_Data_.
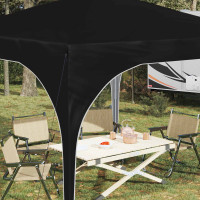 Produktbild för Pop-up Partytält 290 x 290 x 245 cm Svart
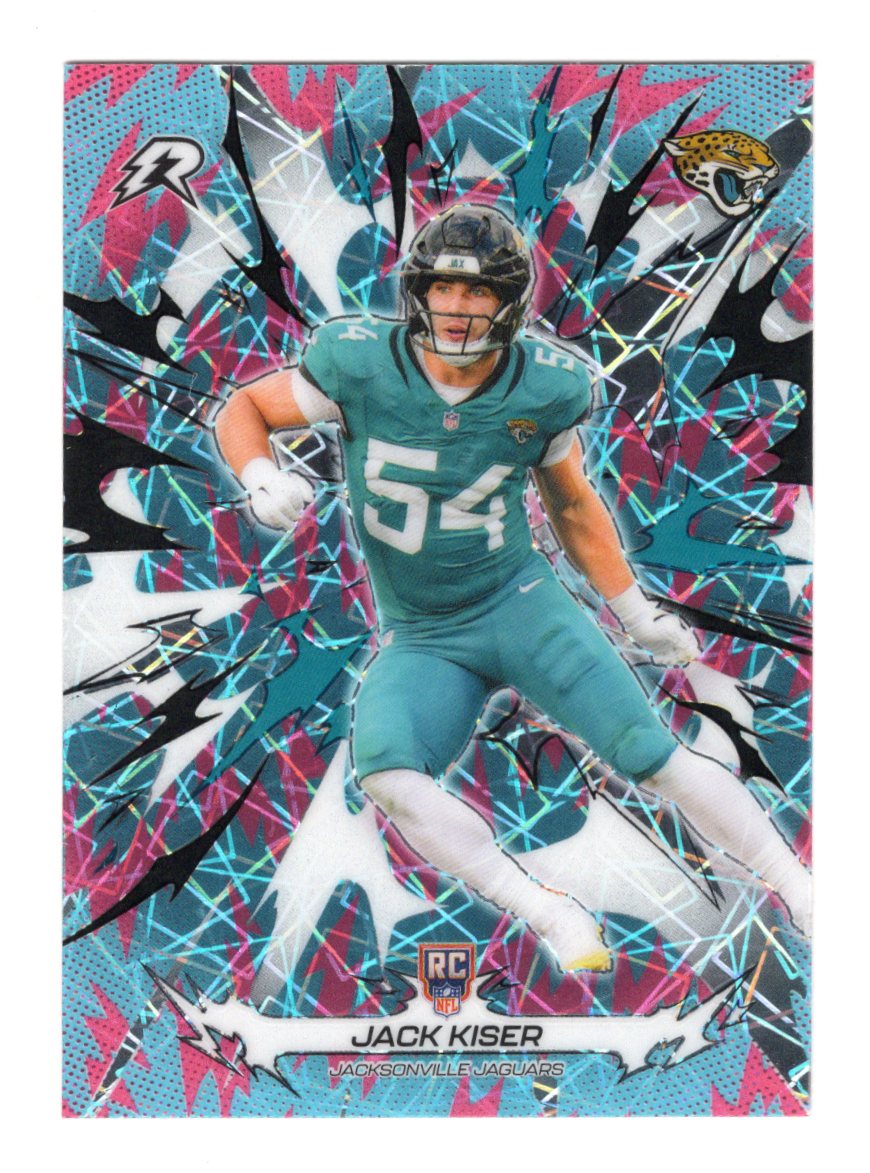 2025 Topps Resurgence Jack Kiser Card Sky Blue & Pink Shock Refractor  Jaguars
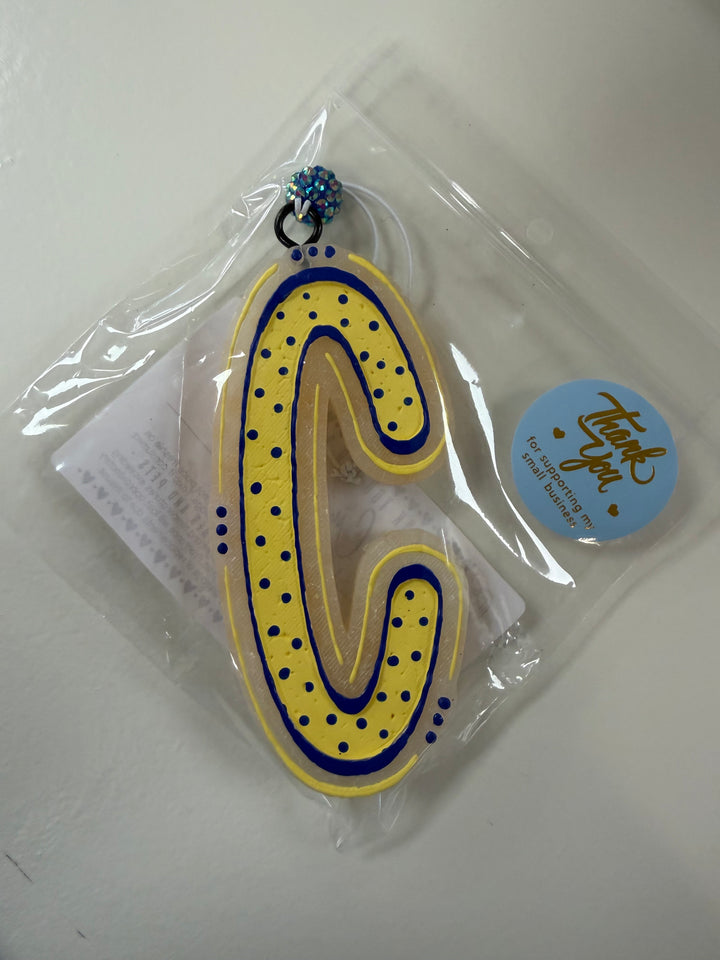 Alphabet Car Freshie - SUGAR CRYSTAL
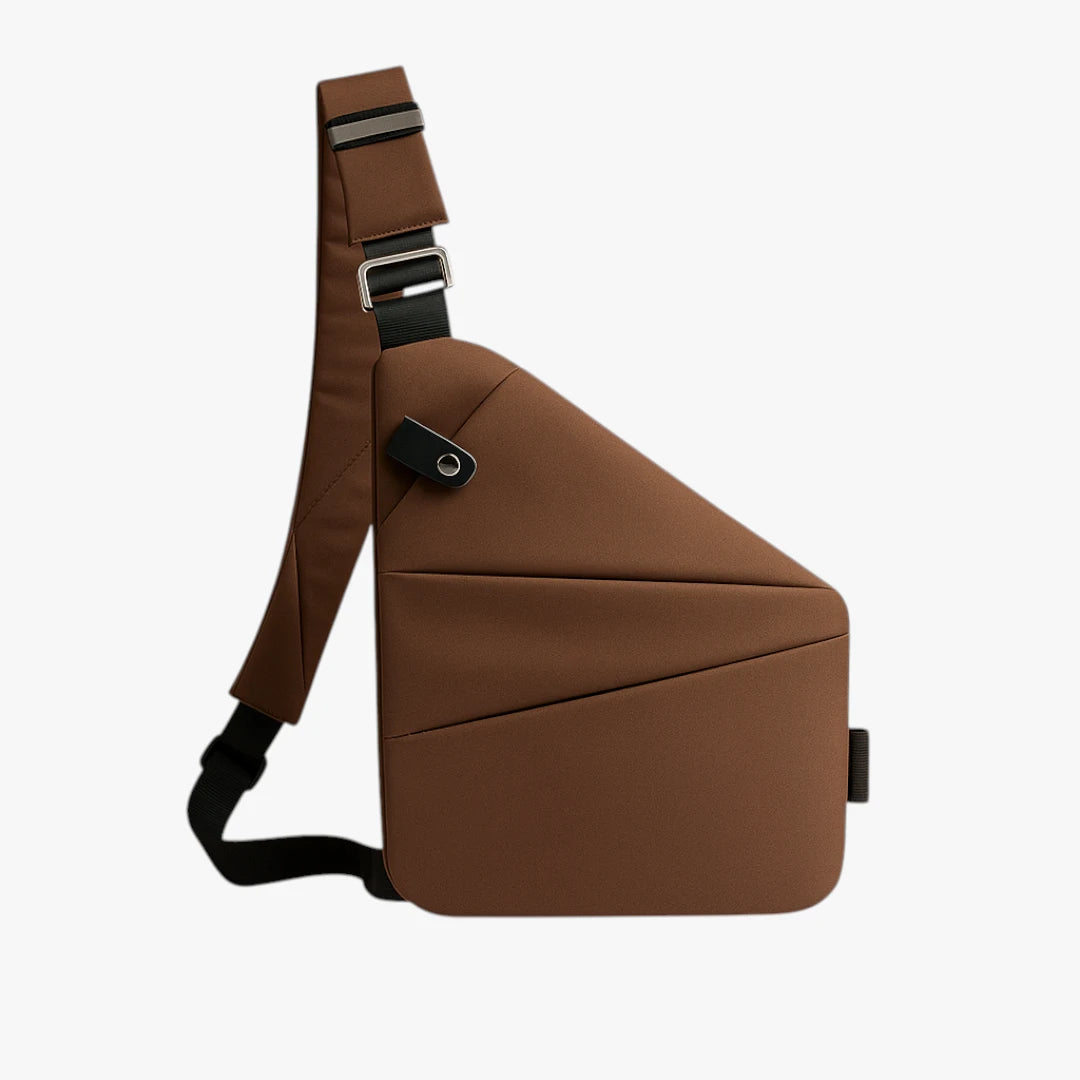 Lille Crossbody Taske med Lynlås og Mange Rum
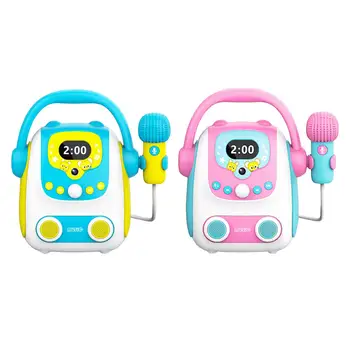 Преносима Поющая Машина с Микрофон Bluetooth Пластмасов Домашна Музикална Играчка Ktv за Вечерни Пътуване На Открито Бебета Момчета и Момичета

_What the task requires_.
In the answer, all of the material should appear exactly as given, with no picture carried over.

_Response to the task_.
 Produktbild för Pop-up Partytält 290 x 290 x 245 cm Svart
 2025 Topps Resurgence Jack Kiser Card Sky Blue & Pink Shock Refractor  Jaguars
 Alphabet Car Freshie - SUGAR CRYSTAL
 Lille Crossbody Taske med Lynlås og Mange Rum
 Преносима Поющая Машина с Микрофон Bluetooth Пластмасов Домашна Музикална Играчка Ktv за Вечерни Пътуване На Открито Бебета Момчета и Момичета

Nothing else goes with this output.